# MATERIAL TO PROCESS:

+++

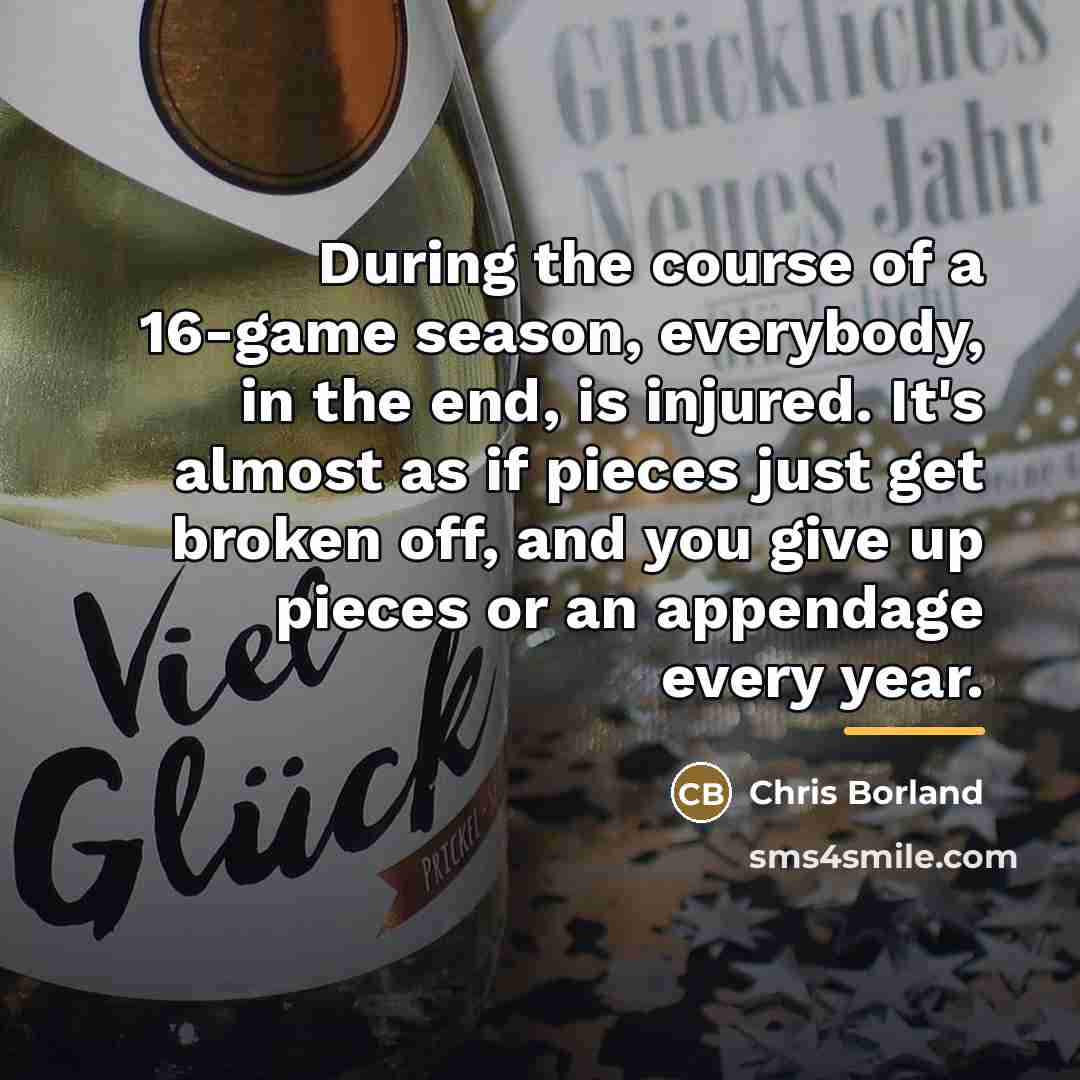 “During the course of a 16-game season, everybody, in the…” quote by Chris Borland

+++

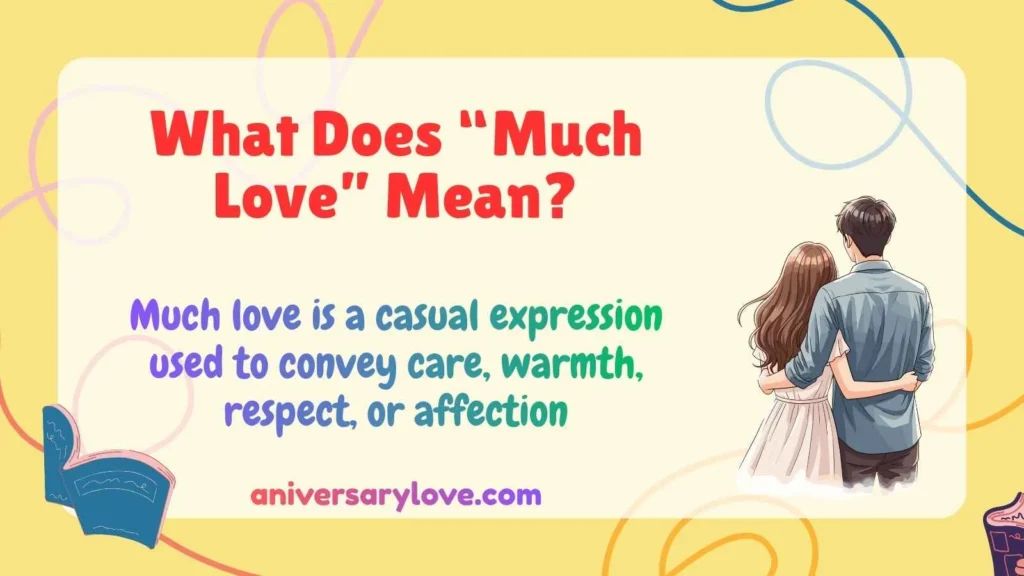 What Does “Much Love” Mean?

+++

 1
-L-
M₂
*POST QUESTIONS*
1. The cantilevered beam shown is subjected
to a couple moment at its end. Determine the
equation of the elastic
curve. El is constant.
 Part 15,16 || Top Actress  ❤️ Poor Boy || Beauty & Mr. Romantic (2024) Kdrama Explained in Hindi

+++

# PROBLEM:
Set down, unchanged, only those lines above that fall between the line with "to a couple moment at its end. Determine the" and the line with "Part 15,16 ||", the two end lines included.

# ANSWER TO THIS PROBLEM:
to a couple moment at its end. Determine the
equation of the elastic
curve. El is constant.
 Part 15,16 || Top Actress  ❤️ Poor Boy || Beauty & Mr. Romantic (2024) Kdrama Explained in Hindi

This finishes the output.